The contrasting lithologic and faunal characteristics and the separation of the areas of outcrop have prevented the recognition in surface studies of the close relation that the writer believes originally existed between the Warsaw of southwestern Missouri and the dark limestones in Mayes county, Oklahoma, containing the lower Moorefield (†Spring Creek) fauna of doubtful stratigraphic position. The dark limestones that crop out in Mayes county, Oklahoma, which the writer believes are marginal deposits of Cowley age, have been linked with the overlying limestone of Batesville age and the two together have been termed the Mayes formation, although it has long been recognized that the two faunas are very different. It is interesting to note that in some places in the outcrops the upper and lower parts of the Mayes are separated by sandy limestone.
Cline (1934, pp. 1156-1158) has shown that the Mayes overlaps upon all the units of the Osage series from the St. Joe to the Keokuk. The Cowley formation in southeastern Kansas has similar relations to the same units of the Osage and in the subsurface is unconformable also on the Kinderhook, Chattanooga, and older rocks.

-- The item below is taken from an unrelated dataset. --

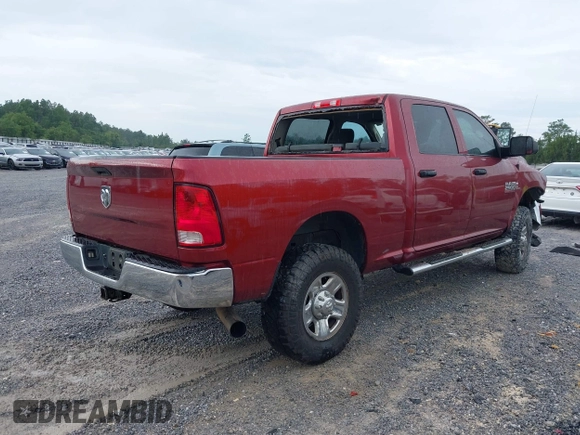 2014 Ram 2500 Tradesman z VIN 3C6UR5CL9EG187100, wystawiony jako IAAI lot #42373397 z przebiegiem 214 720 mil mil oraz . Historia ofert i sprzedaży dostępna na DreamBid. Obrazek 4.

The relation of outcrops containing the lower Moorefield (†Spring Creek) fauna to the subsurface rocks down dip, as revealed in well cuttings (cross section G-G', pl. 6), provides additional evidence that the lower Moorefield is equivalent to a part of the Cowley formation. At a locality (No. 5 of cross section G-G', pl. 6) described by Snider (1915, p. 29) in sec. 8, T. 19 N., R. 19 E., Oklahoma, that part of the Mayes representing the lower Moorefield consists of black limestone 19 feet thick resting on 169 feet of Reeds Spring and St. Joe limestone measured by the writer. The dark bods of Moorefield age at the outcrop seem to be represented in well cuttings by dark limestones which toward the northwest rest upon progressively lower rocks of Osage age. The dark limestones increase in thickness down dip in this direction from well to well so that in well No. 1 of the cross section G-G', plate 6, they are identical with the Cowley formation of well No. 16 of cross section F-F' (pl. 7) where the Chattanooga and Osage limestones are replaced by the Cowley formation. In the same direction the overlying white limestone of Chester age at the outcrop thins and wedges out beneath the overlying unconformable Pennsylvanian beds.